In general, by seeking guidance from experts, I was able to avoid many issues during this phase. However, there was still much to learn, additional tools to explore, and room for further improvements.
Lastly, I want to share my recent learnings from working at my current company, Brex. When I joined in January 2020, Brex already had a Foundation organization consisting of multiple teams responsible for maintaining our build and release process, as well as our cloud infrastructure, including multiple Kubernetes clusters. In January 2021, I transitioned into this organization and gained invaluable knowledge from my experienced colleagues, particularly regarding software releases and Kubernetes cluster management.
Initially, we used Helm to template and create new releases for each microservice’s Kubernetes resources. We would then utilize our custom deployment manager to apply updated Helm charts to the cluster and roll out changes. However, we eventually transitioned to a GitOps approach, leveraging the Flux open-source project. GitOps allows us to easily track and reproduce the cluster’s current state by maintaining all Kubernetes resources in a Git repository. This repository serves as the single source of truth for our Kubernetes cluster, and Flux operators continuously monitor the repository for updates, automatically reconciling and applying changes to the cluster. This approach provides better visibility into the expected state of the cluster and facilitates troubleshooting any discrepancies between the GitOps state and the cluster state. It’s worth noting that while we no longer rely on Helm for the GitOps approach, we still utilize its templating engine. Our CI/CD process generates finalized Kubernetes resources and Flux-compliant Kustomizations, which are then managed by another custom release management service.
Once again, learning from knowledgeable teammates and collaborating on these systems has been immensely valuable. I’ve gained significant insights from our build platform, release platform, and cloud infrastructure teams, who continuously enhance the maturity of our clusters. The rapid growth of the company and its underlying infrastructure has contributed to my own professional growth and expanded expertise.
Reflecting on these learnings, if I were starting a new company, I would likely reconsider using Kubernetes initially, despite my current comfort with it. There are simpler services like Amazon Elastic Container Service (ECS) for deploying containerized workflows on AWS. The cognitive overhead for developers to run their software on Kubernetes has been an important realization.

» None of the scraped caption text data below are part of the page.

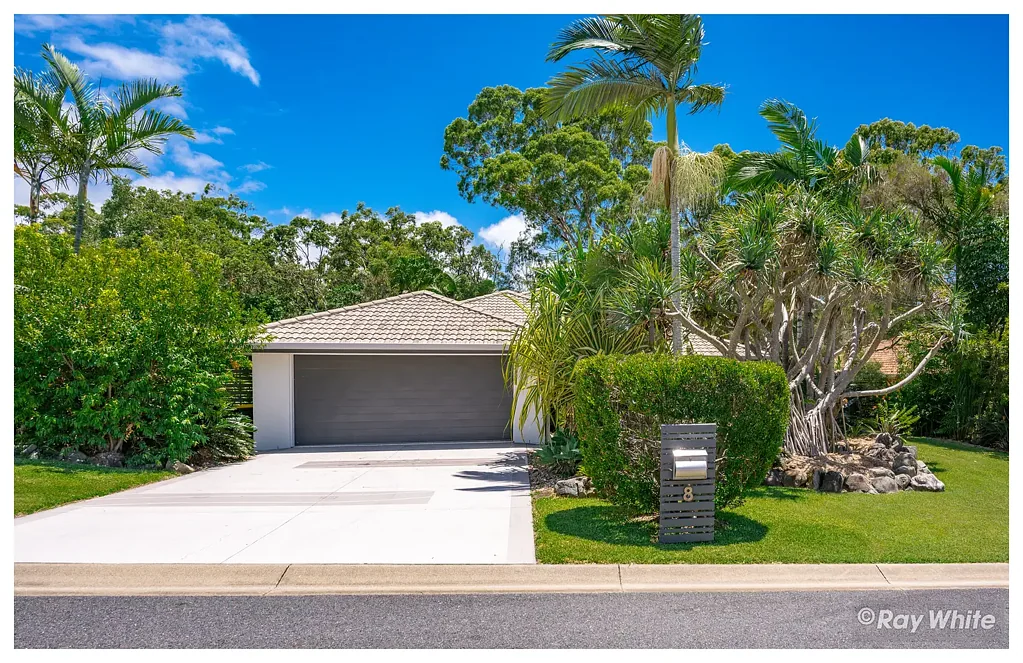 8 Brook Side Close, Yeppoon, QLD 4703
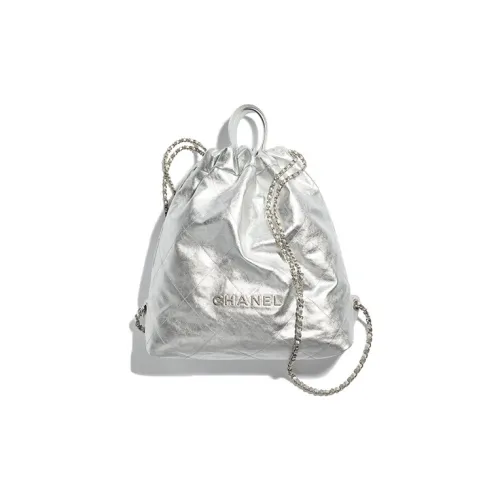 CHANEL Рюкзаки Женские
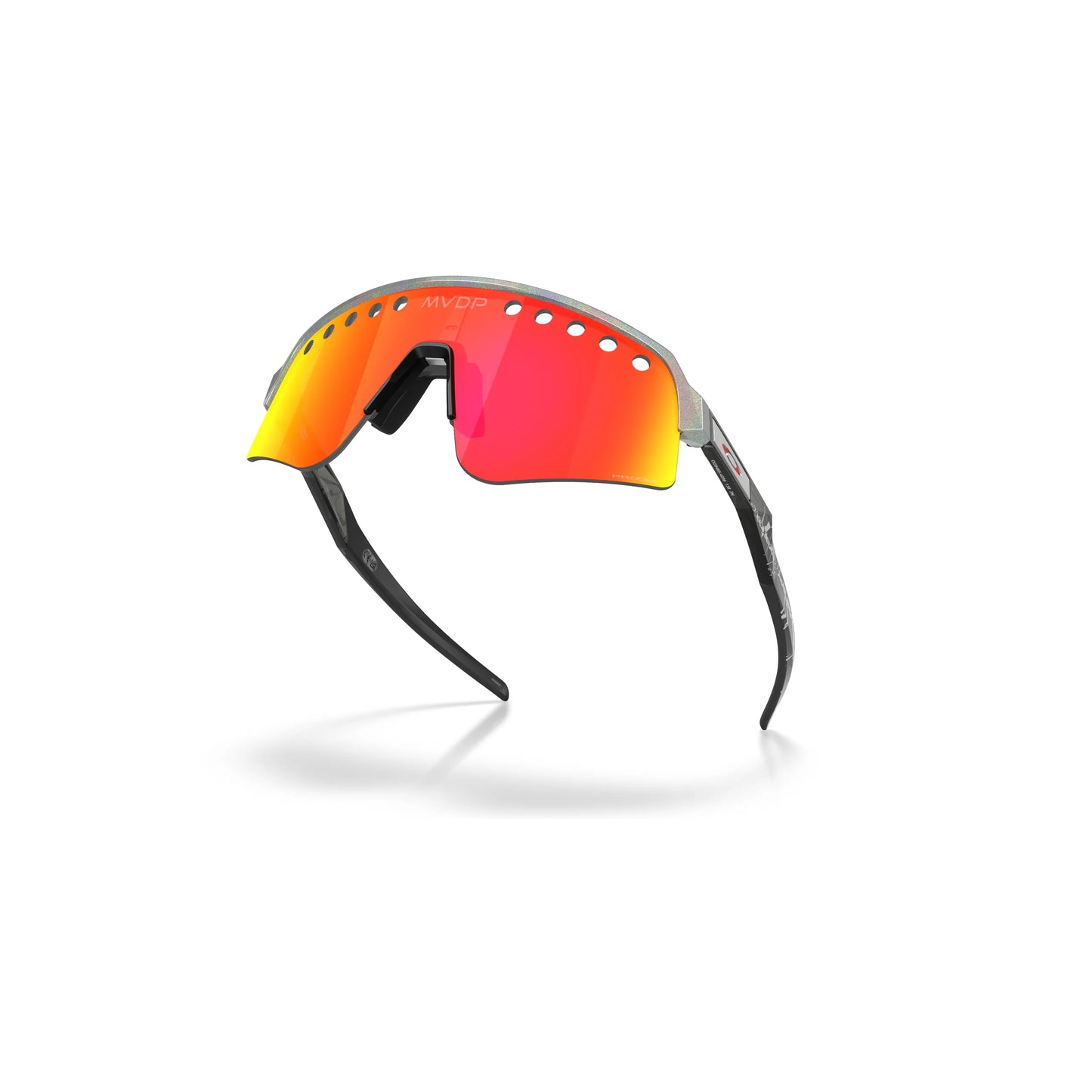Occhiali da sole Oakley Sutro lite sweep OO9465 946540 Space Dust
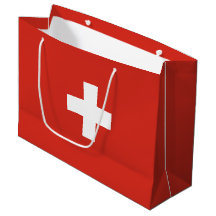 Schweiz flagga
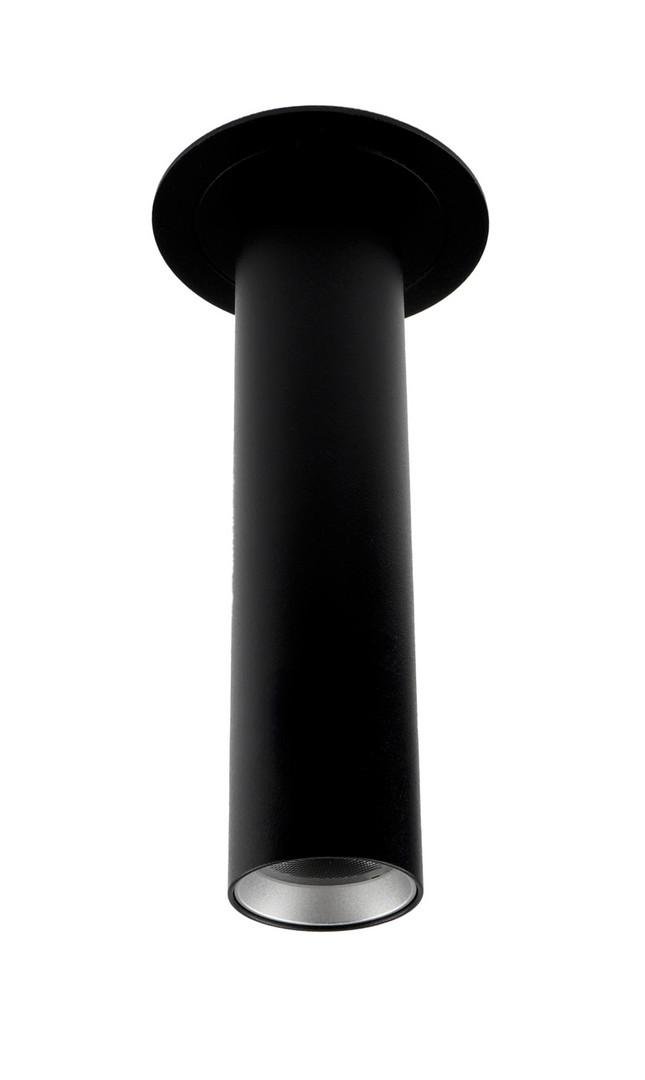 Obrázek produktu Stropní zápustné svítidlo Slim 5W DIM 2700K černé  - LIGHT IMPRESSIONS 3 Obrázek produktu Stropní zápustné svítidlo Slim 5W DIM 2700K černé  - LIGHT IMPRESSIONS 3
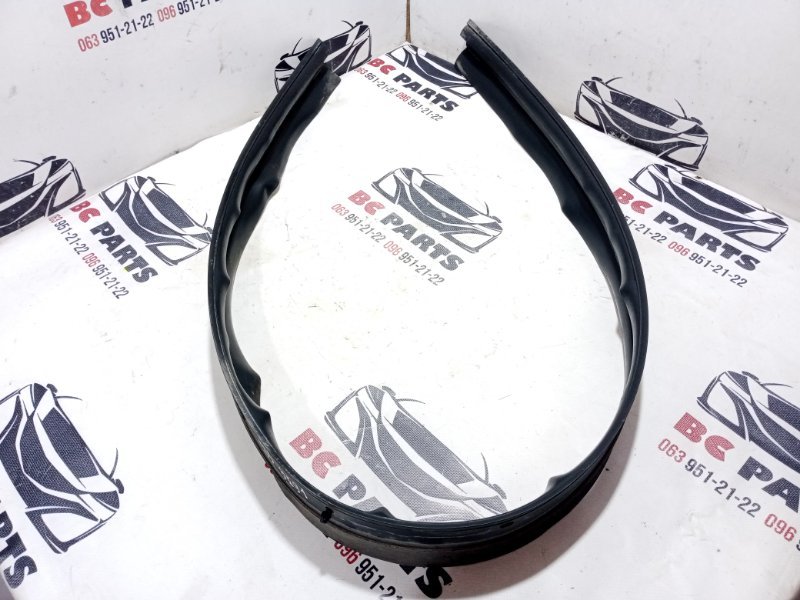 Накладка порога левая Nissan Rogue 2021 T33 2.5 80839-6RR0A Б/У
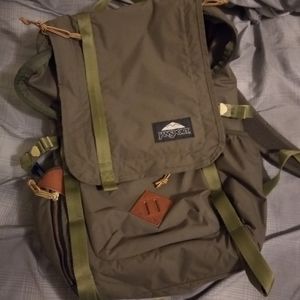 Jansport Backpack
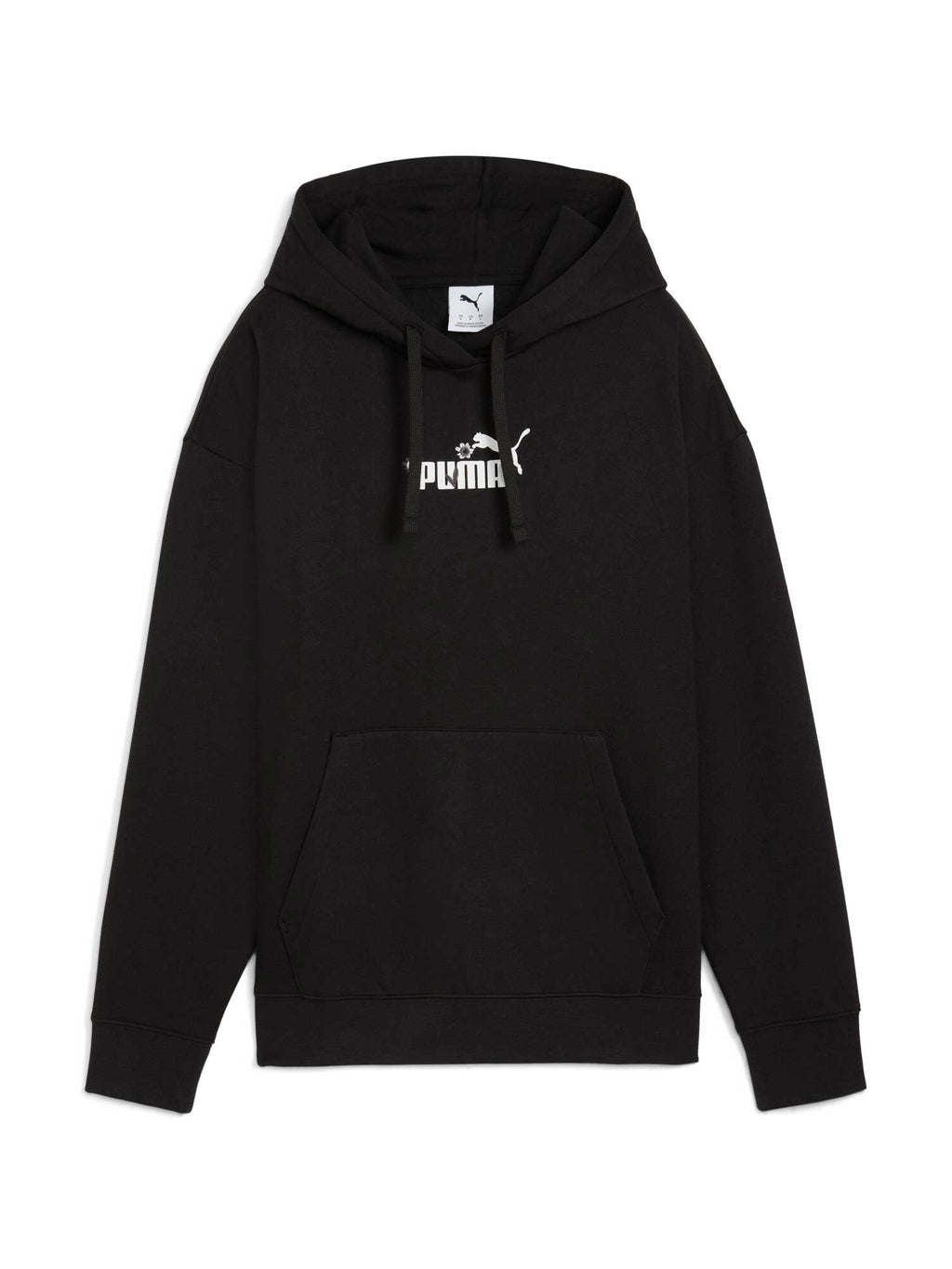 PUMA Суитшърт ESS NATURE 2.0 Comfort Hoodie FL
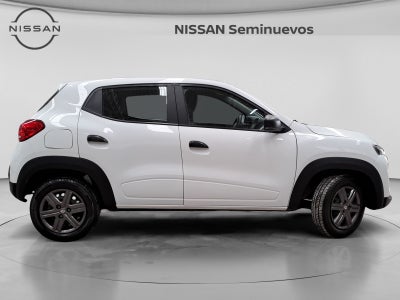 2025 RENAULT KWID INTENS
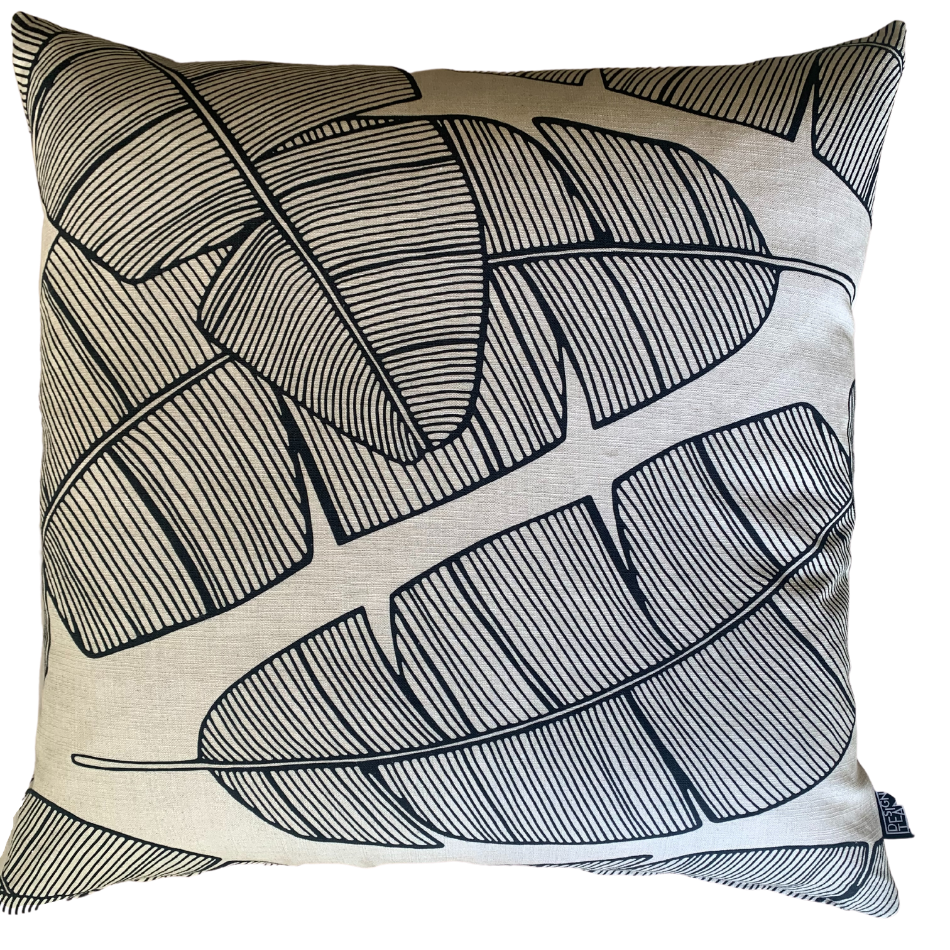 Plantation Black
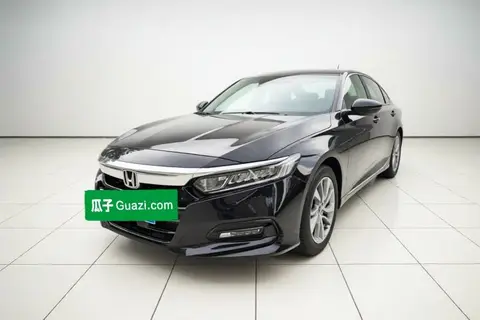 Honda Accord 2020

Most developers may not possess the knowledge or time to fully understand the intricacies of Kubernetes. For smaller companies without the necessary resources to abstract and maintain these systems, it could potentially slow down developers or introduce unnecessary issues. However, as a company scales and has multiple software projects to deploy, Kubernetes becomes a suitable choice because of its ability to leverage platform characteristics across all applications.